ダンジョンの中で本気で戦っていても、音羽にはミドリの本気を引き出せない。
「⋯⋯そこまで口を割らないか。しかたない。腕の1、2本切り落とすか」
彼女が剣を振り上げたと同時に、刀身は分解されて彼女の服の内側に入る。
変身を解除して、私服のミドリが音羽の前に現れる。
(時間切れ? そもそも時間制限が?)
考え込む音羽だったが、彼女の変身が解けた理由が分かる。
「あ、パパだ!」
呼ばれて向き直ると、小3の次女と妻が居た。
「帰りが遅いから探したんですよ。電話も出ないし」
「あ、ごめん」
子供が離れようとしたミドリを掴む。
「緑髪のお姉ちゃんだ!」
「え?」
「さっきは風船を取ってくれてありがとう」
ゆっくりと振り向き、子供の頭に手を置く。
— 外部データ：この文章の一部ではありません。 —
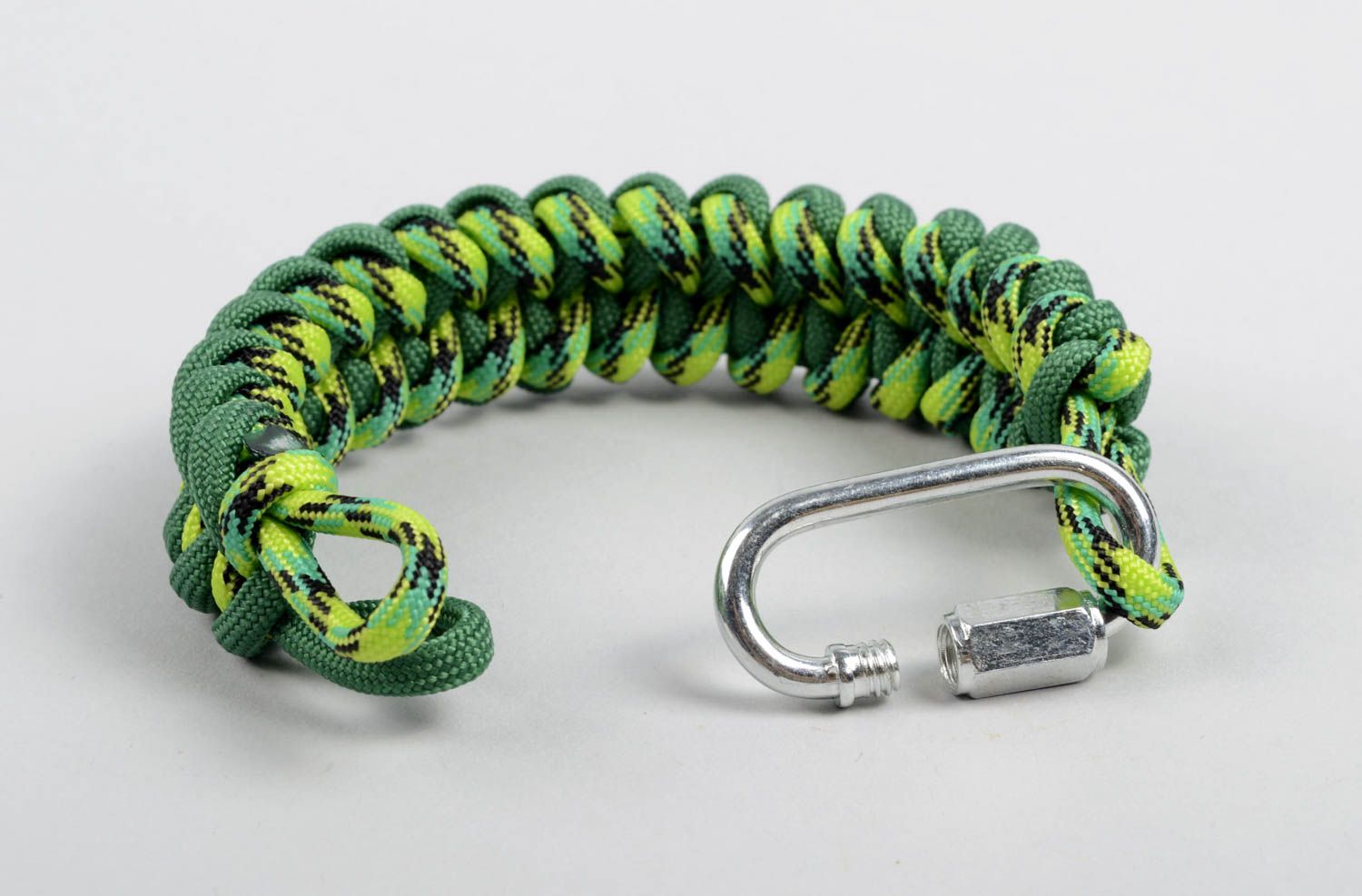 Handmade grünes Paracord Armband Accessoire für Männer Herren Armband foto 2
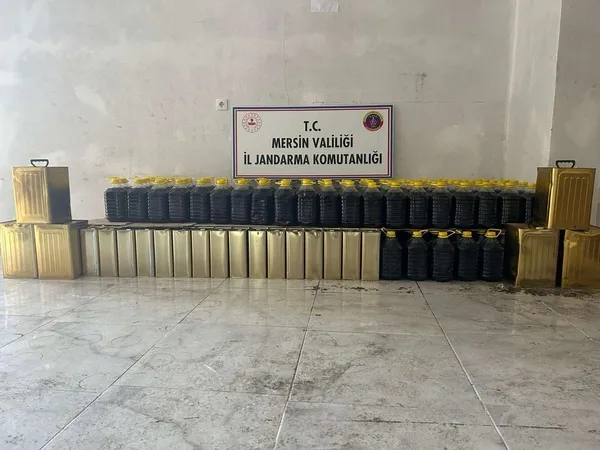 sahte-zeytinyagi-operasyonu-6-ton-200-kilogram-urun-ele-gecirildi-1715578352352.jpg Sahte zeytinyağı operasyonu! 6 ton 200 kilogram ürün ele geçirildi - 2
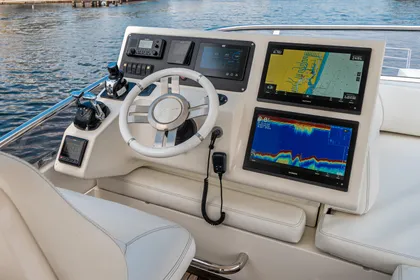 2013 Azimut 64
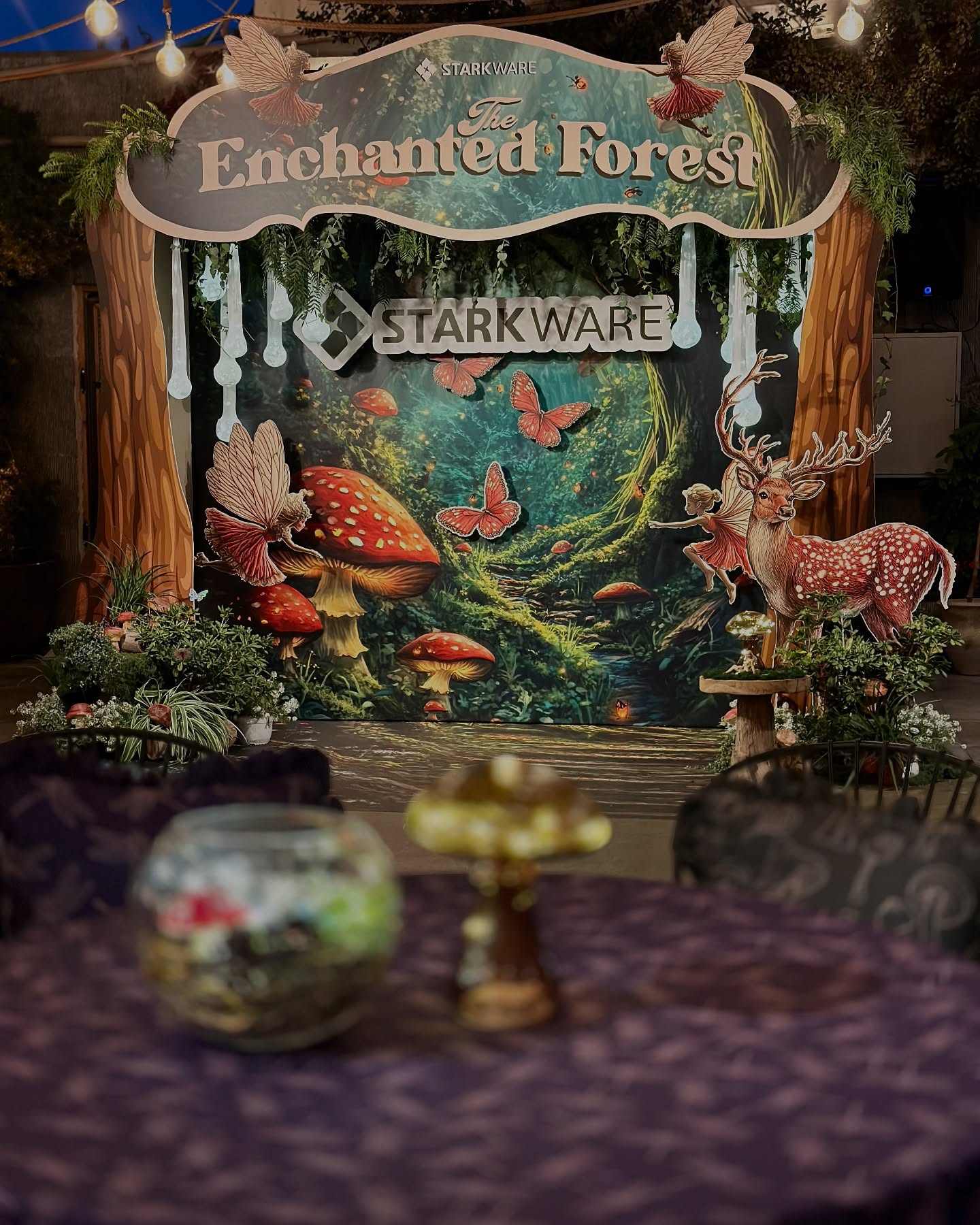 While getting ready for Purim 2026, our favorite holiday, where you can go a little wild and push creativity all the way to the edge ✨
This event for @starkware_ltd popped up in our phone memories today, and took us right back 🤍
Still makes us smile.
Production: @soncoevents
Design & Branding: @zagoni_goltz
目線を合わせるように膝を折っている。
さっきまでの強ばった顔が嘘のように、明るく元気な笑みを浮かべているミドリ。
「ええよ。だけどなぁ、手は離しちゃならんよ? 気いつけやー」
「うん!」
「その節はありがとうございます。娘も風船を大切にしてて⋯⋯」
「礼はいりまへんよ。うちはできる事しかしてないから」
トントン、ステップを踏んで彼女は風のように消えた。